Some formats specifically .U01 (.UXY) and some others use a needle_set command rather than a color_change. This differs from color-changes in 2 distinct and important ways. First, it occurs before sewing begins, rather than after sewing ends. And secondly it includes the needle number explicitly. This needs to accounted for and permit the conversion between color-change (which is usually just STOP) and a needle_set. This tends to require knowing how many needles the machine has or taking an educated guess.

STOP vs. COLOR_CHANGE

There are some formats that let you imply stop without a color-change. This is used when applying applique. We stop but we're not changing threads. Sometimes this even involves a FRAME_EJECT which is a trim and then moving to the top of the design to give the user unfettered access to the embroidery, to add the applique or whatever they are doing.

Versions

139 is important. There needs to be given mechanisms for specifying versions of the file you're intending to write. For things like PES v 6 but also other methods of writing pes like pes without the pes block.

Or writing different versions of csv files. For example writing one that is actually correct to CSV specs vs. one that retains backwards compatibility. There are also very like to be dozens of potentially supported gcode formats #171.

Avoid Feature Creep.

A core library like this needs to just do the stuff it does in a well defined way. It doesn't need to do fill algorithms or anything outside of translations problems that can occur between different formats. If there is a need to have fills or higher level changes. That should be spun off into a different more powerful library that does that work.

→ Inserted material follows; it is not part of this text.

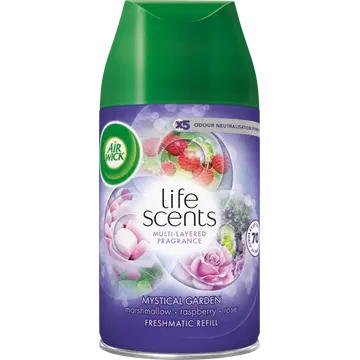 Air Wick õhuvärskendaja Mystical Garden täitepakend 250ml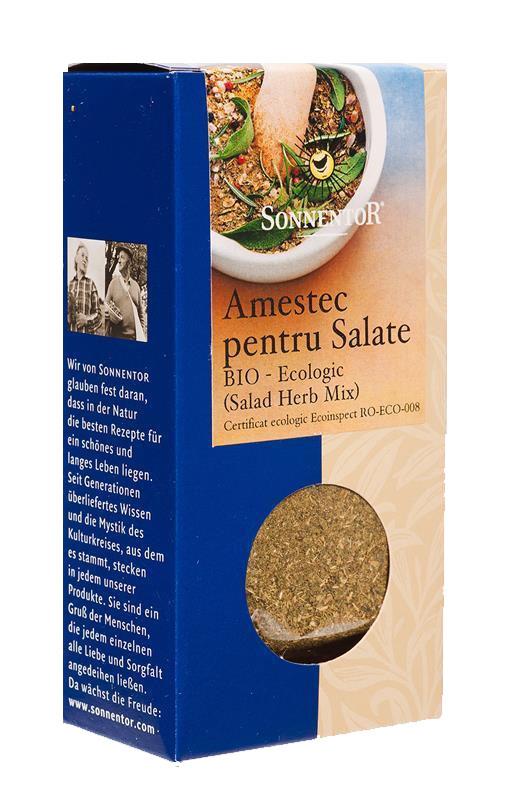 Condiment Amestec Salata Bio Sonnentor 35gr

You will notice that none of that is that extreme. There's a lot of little problems with the readers and writers and small bugs and edge conditions,

The biggest issues there are examples where the current descriptive language will not capture the nuance of all formats, and the need to generalize the format between reading and writing.

Additional features like composing two different files together get a lot easier, when this is done correctly. The bulk of the important work is understanding the formats themselves, which is mostly already done.

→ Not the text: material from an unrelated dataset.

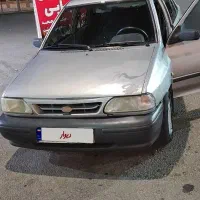 پراید مدل 89دوگانه شرکتی|خودرو سواری و وانت|مشگین شهر, |دیوار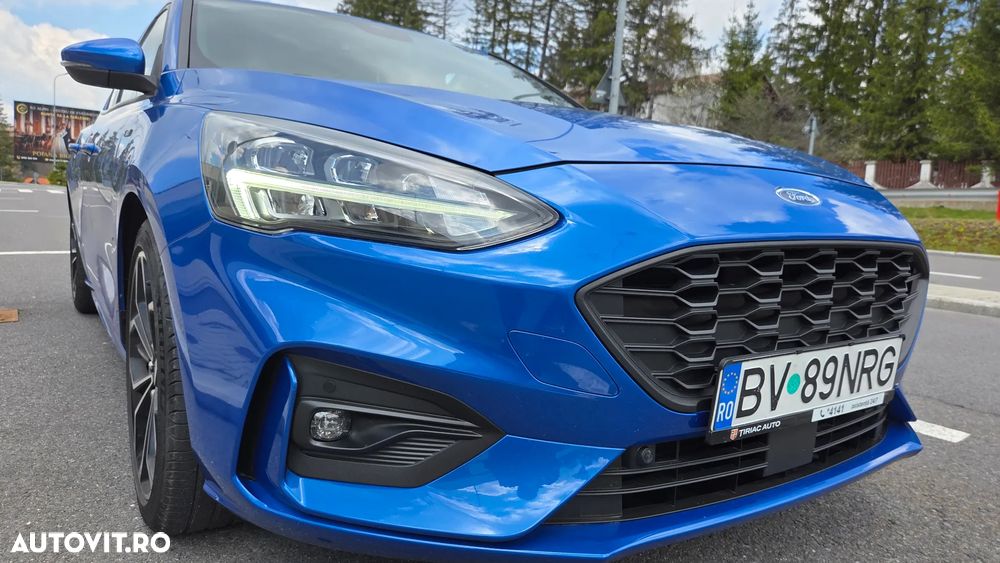 Ford Focus 1.5 EcoBoost ST-Line - 25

This is one part of the project that can be actually finished. A few isolated format fixes for a reader or writer would be the needed maintenance. Getting there requires that we get rid of the need for all writers need to check if they have an end command, or all writers need to deal with sequin stitches explicitly or this reader read this stuff verbatim but that's the wrong order for this writer.

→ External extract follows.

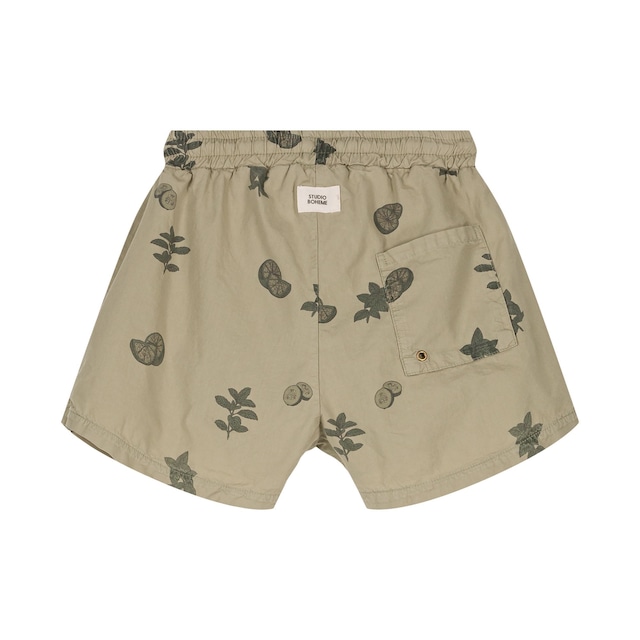 Studio Boheme Paris  - SWIMMING SHORTS CHICO / SAGE / FRESH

tatarize commented 2 years ago

Suffice it to say, I don't believe any of the fill or the satin stuff, etc stuff belongs here. This should really focus on the Embroidery reading and writing, in a way that isn't infinitely complex or subject to feature creep.

You can really zero in on the main very low level reading and writing stuff make it rock solid.

If there's a need to have the fill algorithm stuff divided from the gui stuff it might be best to put that in a different library that could simply depend on this one, though it would be a library of fill-like commands to points which doesn't even need to know what embroidery formats are.

robin-swift commented 2 years ago

There's a lot here that is useful so I feel it's better placed in the documentation. Can you make a pull request on the Encoding header to the end of the Avoid Feature Creep section as part of the docs/ folder? I'll need to refer to details like this and the printer-friendly docs are going to be my first point of reference. You can just make a new file if you don't want to get into editing the TeX.

Also I find large blocks of san-serif, variable width fonts particularly hard to read (I lose my place a lot, probably mild visual dyslexia) so a printer-friendly version of your longest comments where I can change the formatting would be very helpful to me.

tatarize commented 2 years ago

I'm not sure it belongs in documentation. But, I went over it and removed some of the unneeded words and phrases and broke up the text into more relevant shorter sections with more clearly demarcated grammar.